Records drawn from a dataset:
[Start of section]

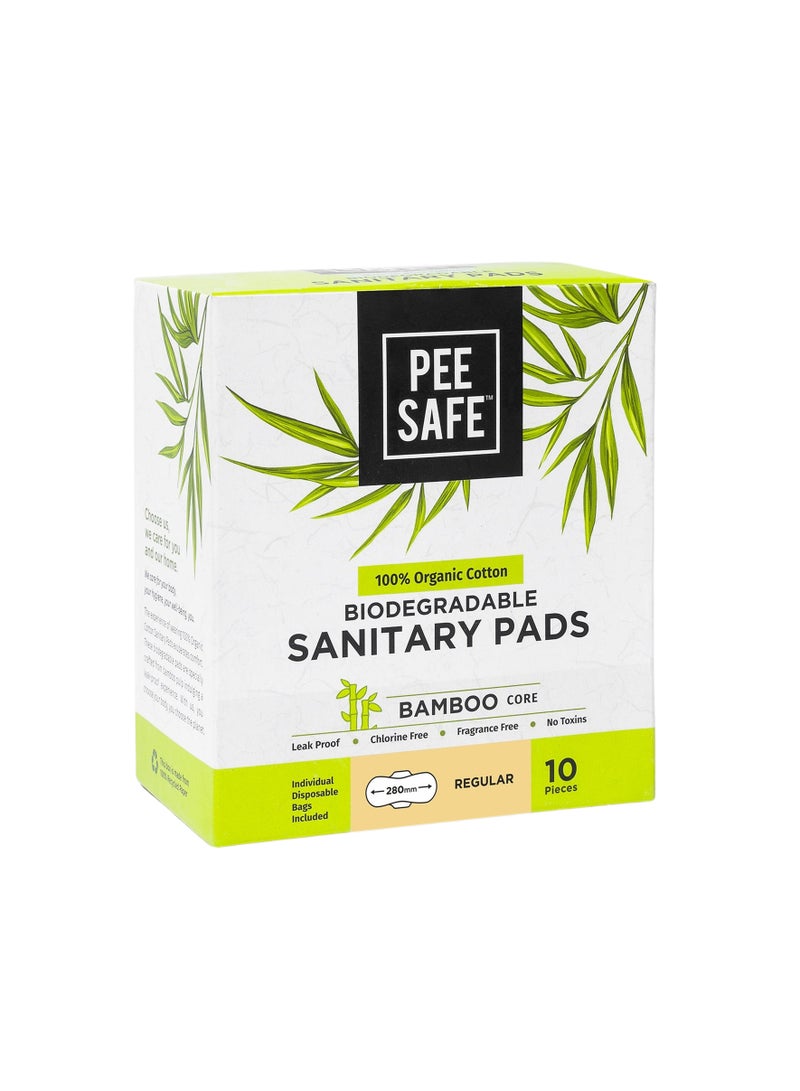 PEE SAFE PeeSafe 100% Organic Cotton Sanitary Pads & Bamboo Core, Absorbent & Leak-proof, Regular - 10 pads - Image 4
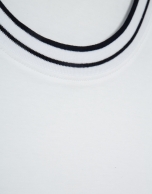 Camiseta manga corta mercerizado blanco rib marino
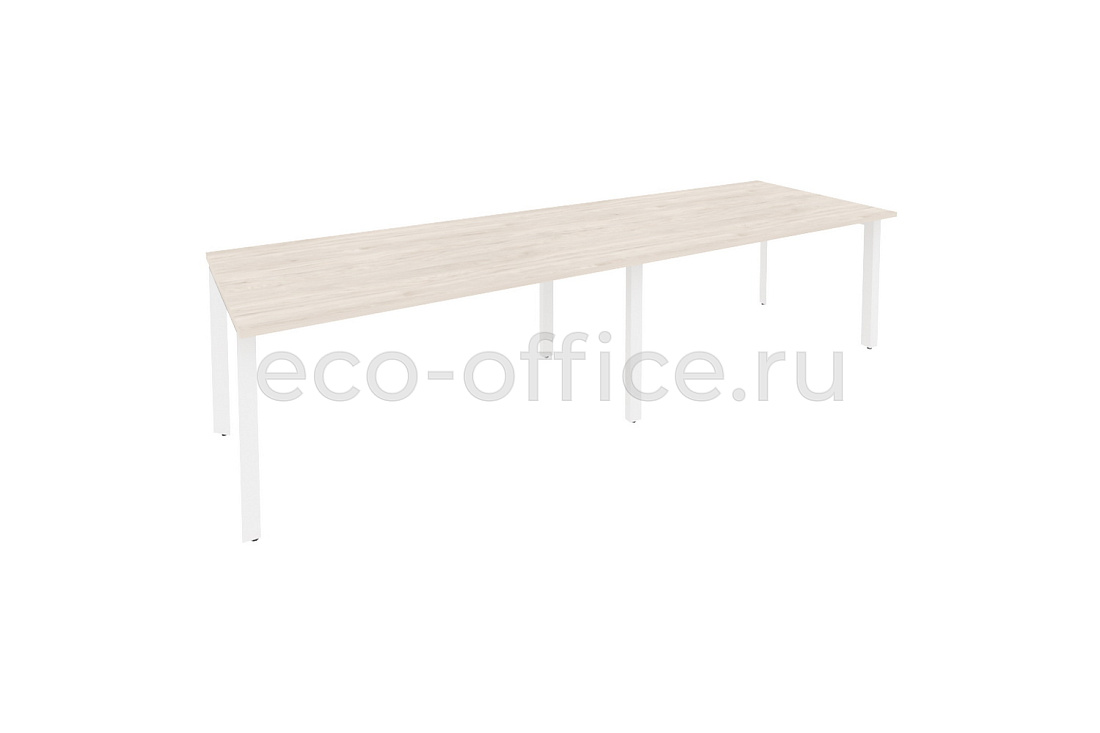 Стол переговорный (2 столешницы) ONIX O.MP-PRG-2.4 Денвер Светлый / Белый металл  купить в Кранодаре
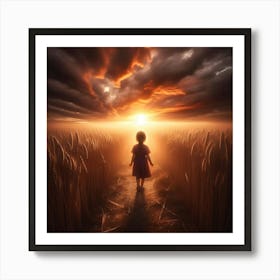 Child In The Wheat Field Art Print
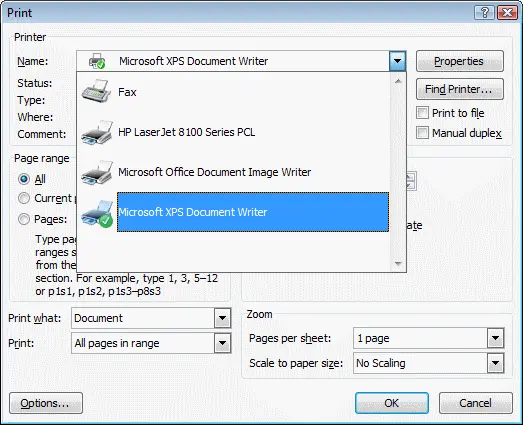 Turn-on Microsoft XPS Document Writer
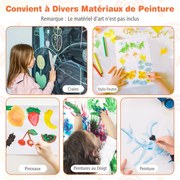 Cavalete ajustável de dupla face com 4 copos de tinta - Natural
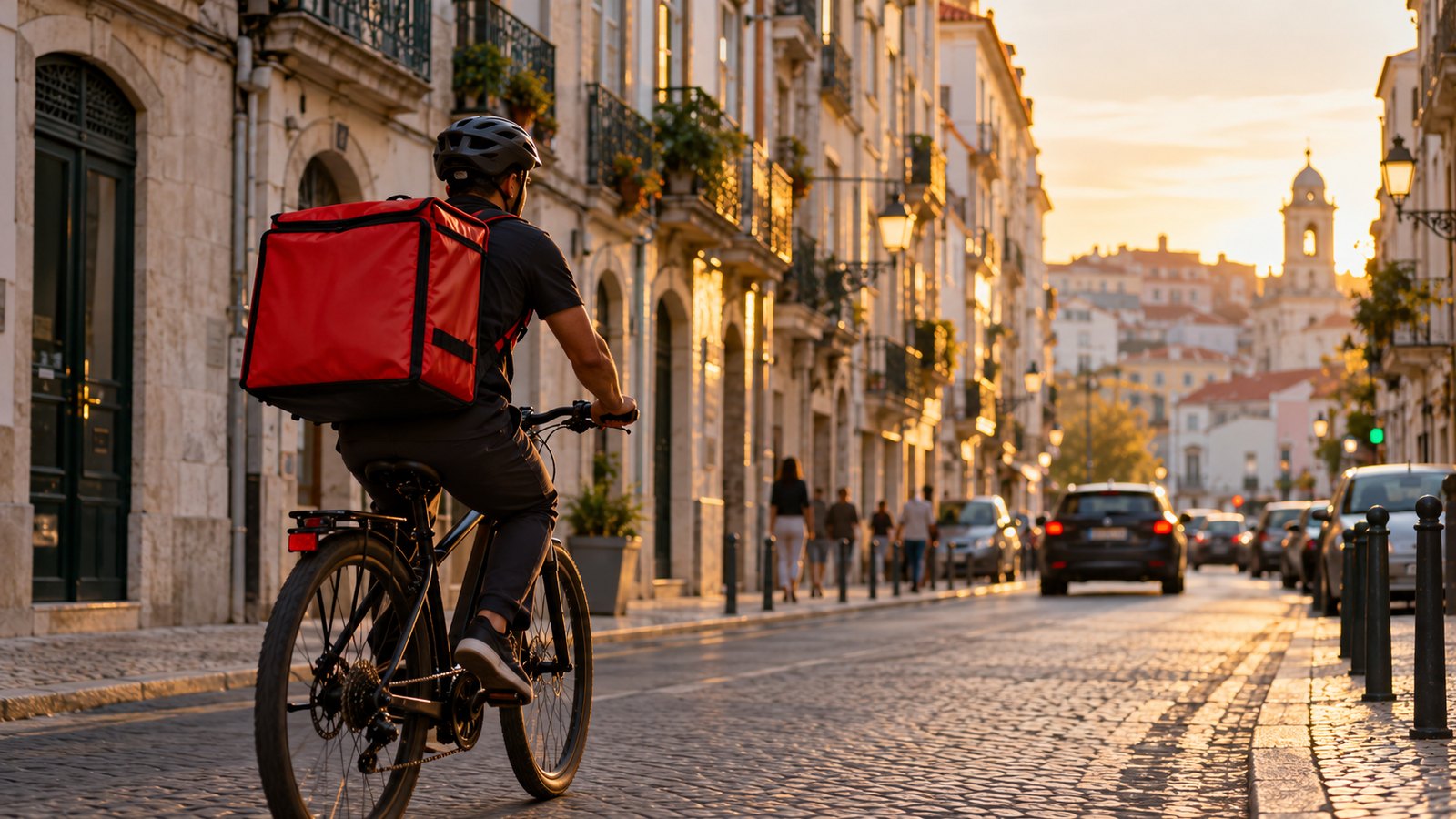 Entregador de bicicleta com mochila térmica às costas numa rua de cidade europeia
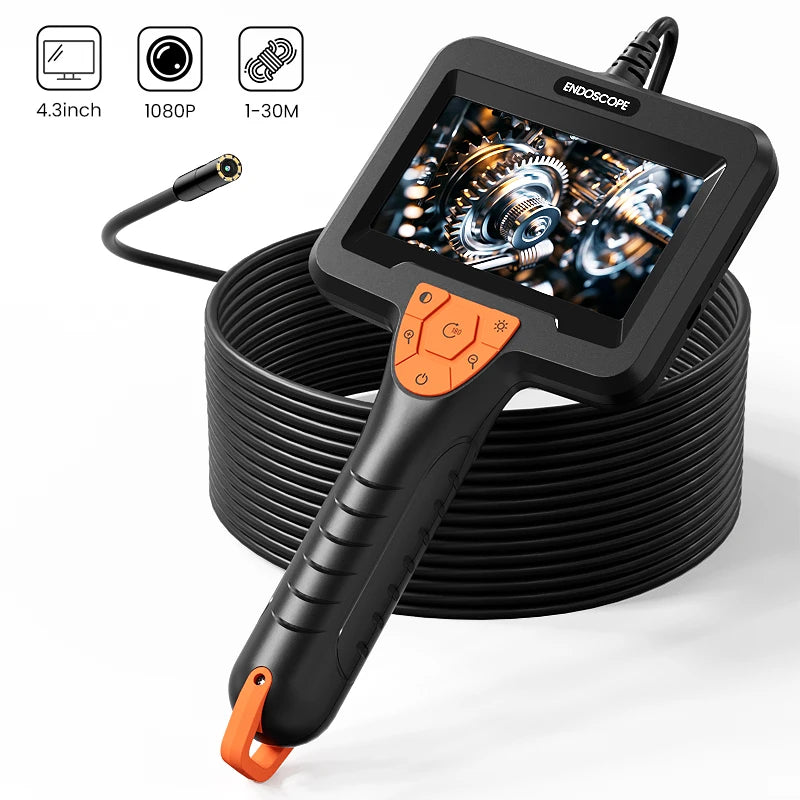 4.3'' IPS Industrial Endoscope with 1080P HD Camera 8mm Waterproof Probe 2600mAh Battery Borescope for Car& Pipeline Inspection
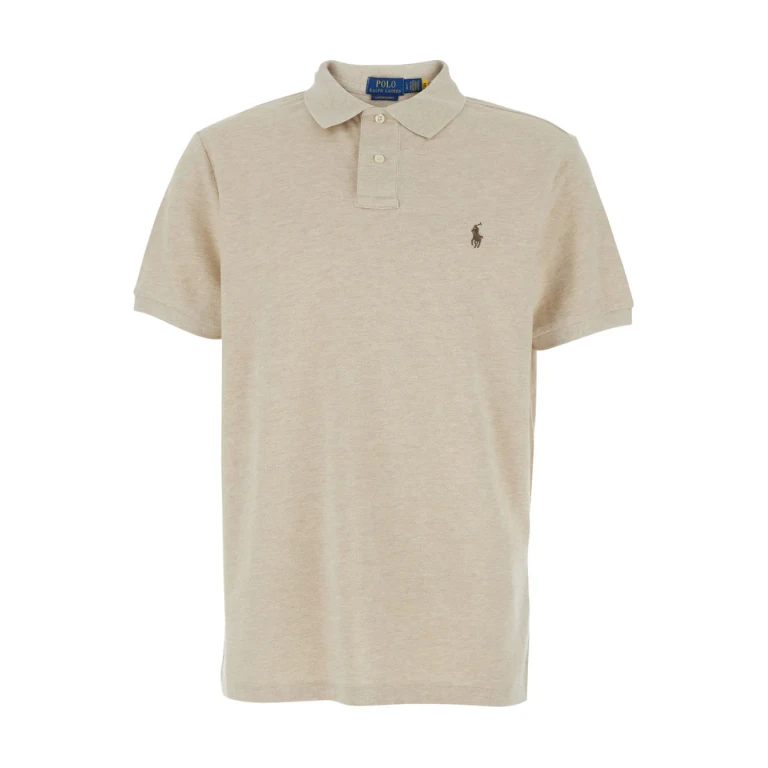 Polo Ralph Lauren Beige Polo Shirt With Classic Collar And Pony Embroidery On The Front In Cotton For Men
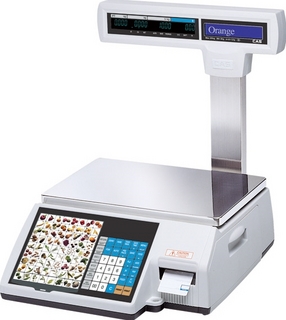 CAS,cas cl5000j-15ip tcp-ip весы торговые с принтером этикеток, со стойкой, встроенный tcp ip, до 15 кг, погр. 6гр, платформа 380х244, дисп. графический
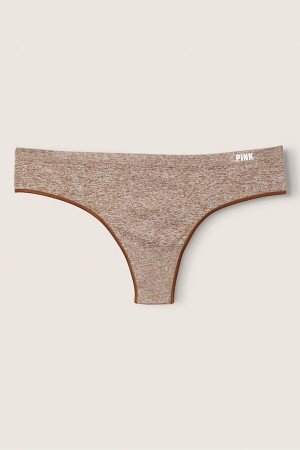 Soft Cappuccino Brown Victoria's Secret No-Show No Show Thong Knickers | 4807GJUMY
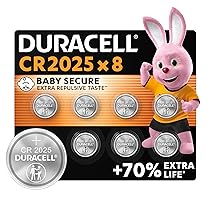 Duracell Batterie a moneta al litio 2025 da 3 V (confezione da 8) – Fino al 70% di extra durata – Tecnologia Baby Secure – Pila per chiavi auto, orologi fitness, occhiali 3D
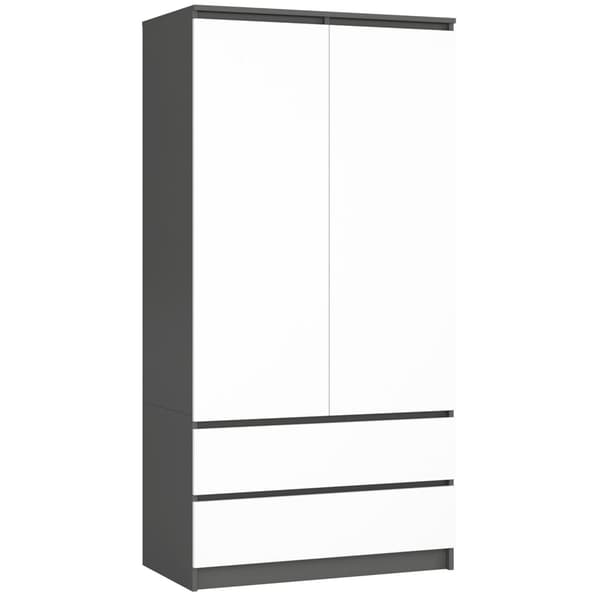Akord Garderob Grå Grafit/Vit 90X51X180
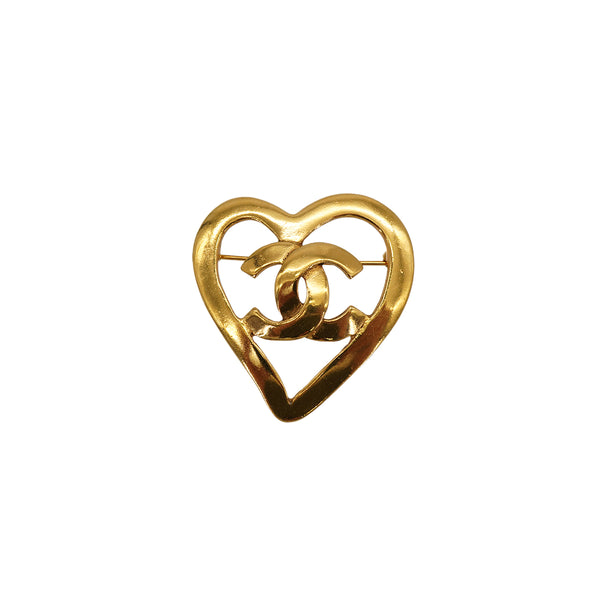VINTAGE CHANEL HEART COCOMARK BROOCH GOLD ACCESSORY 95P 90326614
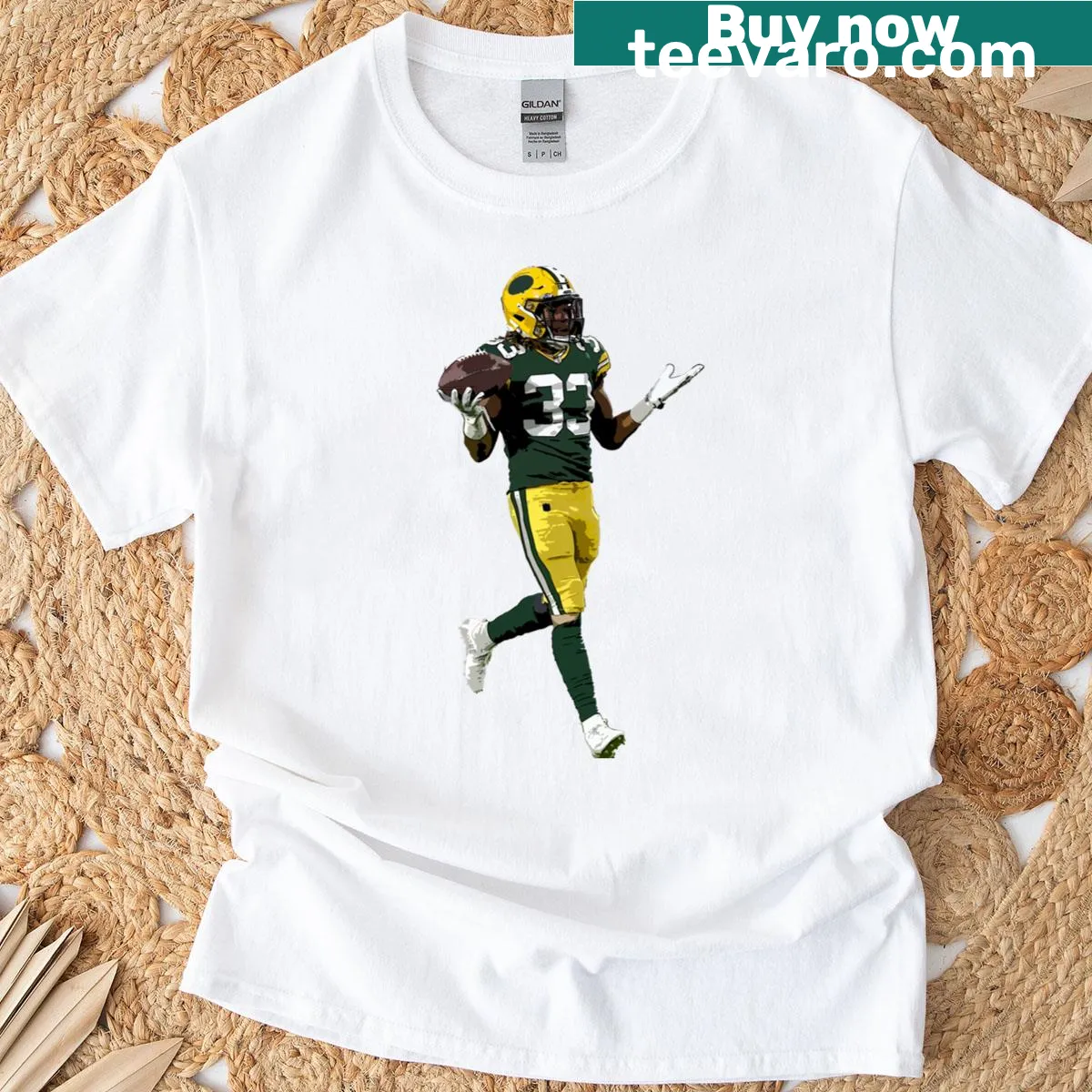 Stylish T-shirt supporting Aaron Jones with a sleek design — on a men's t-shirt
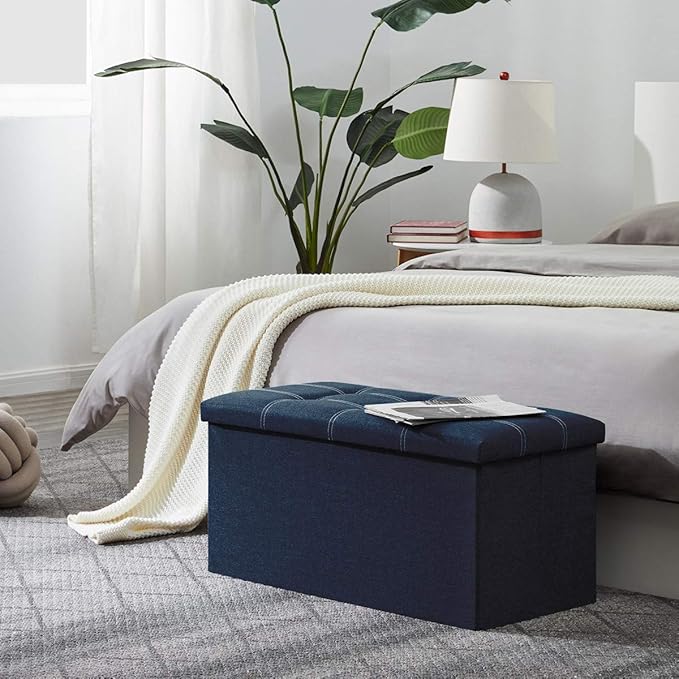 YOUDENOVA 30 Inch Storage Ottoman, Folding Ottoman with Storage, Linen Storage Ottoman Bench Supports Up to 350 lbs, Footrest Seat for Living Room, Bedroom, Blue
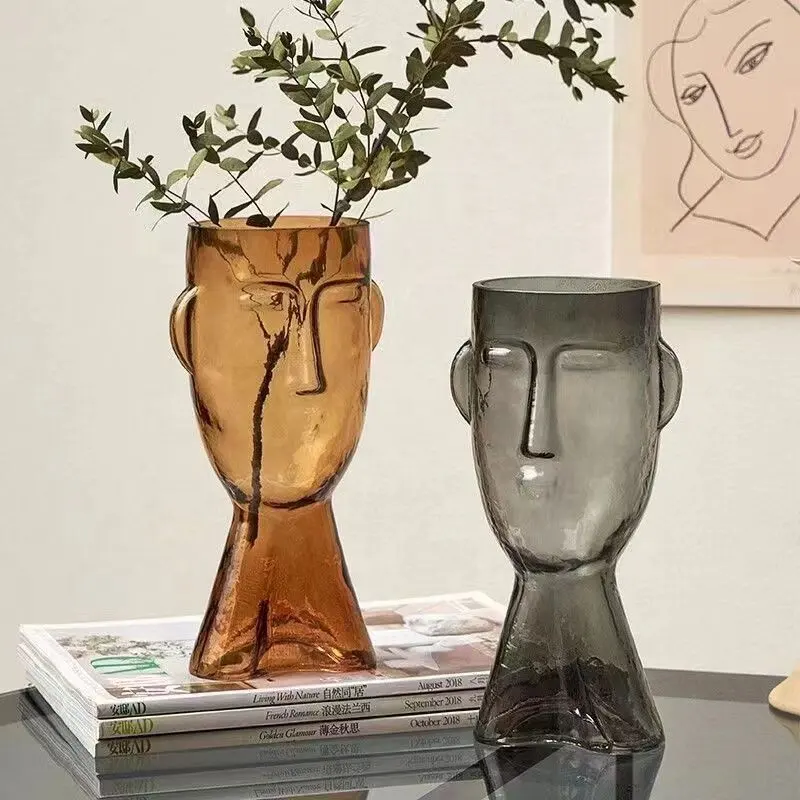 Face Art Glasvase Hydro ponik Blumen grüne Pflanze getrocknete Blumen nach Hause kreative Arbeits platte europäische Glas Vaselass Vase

[End of section]

**What you have to do:** Please output each line above exactly and omit all images.

**Answer to the exercise:**
 PEE SAFE PeeSafe 100% Organic Cotton Sanitary Pads & Bamboo Core, Absorbent & Leak-proof, Regular - 10 pads - Image 4
 Camiseta manga corta mercerizado blanco rib marino
 Стол переговорный (2 столешницы) ONIX O.MP-PRG-2.4 Денвер Светлый / Белый металл  купить в Кранодаре
 Child In The Wheat Field Art Print
 Turn-on Microsoft XPS Document Writer
 Cavalete ajustável de dupla face com 4 copos de tinta - Natural
 Entregador de bicicleta com mochila térmica às costas numa rua de cidade europeia
 4.3'' IPS Industrial Endoscope with 1080P HD Camera 8mm Waterproof Probe 2600mAh Battery Borescope for Car& Pipeline Inspection
 Polo Ralph Lauren Beige Polo Shirt With Classic Collar And Pony Embroidery On The Front In Cotton For Men
 CAS,cas cl5000j-15ip tcp-ip весы торговые с принтером этикеток, со стойкой, встроенный tcp ip, до 15 кг, погр. 6гр, платформа 380х244, дисп. графический
 Soft Cappuccino Brown Victoria's Secret No-Show No Show Thong Knickers | 4807GJUMY
 Duracell Batterie a moneta al litio 2025 da 3 V (confezione da 8) – Fino al 70% di extra durata – Tecnologia Baby Secure – Pila per chiavi auto, orologi fitness, occhiali 3D
Akord Garderob Grå Grafit/Vit 90X51X180
VINTAGE CHANEL HEART COCOMARK BROOCH GOLD ACCESSORY 95P 90326614
 Stylish T-shirt supporting Aaron Jones with a sleek design — on a men's t-shirt
 YOUDENOVA 30 Inch Storage Ottoman, Folding Ottoman with Storage, Linen Storage Ottoman Bench Supports Up to 350 lbs, Footrest Seat for Living Room, Bedroom, Blue
 Face Art Glasvase Hydro ponik Blumen grüne Pflanze getrocknete Blumen nach Hause kreative Arbeits platte europäische Glas Vaselass Vase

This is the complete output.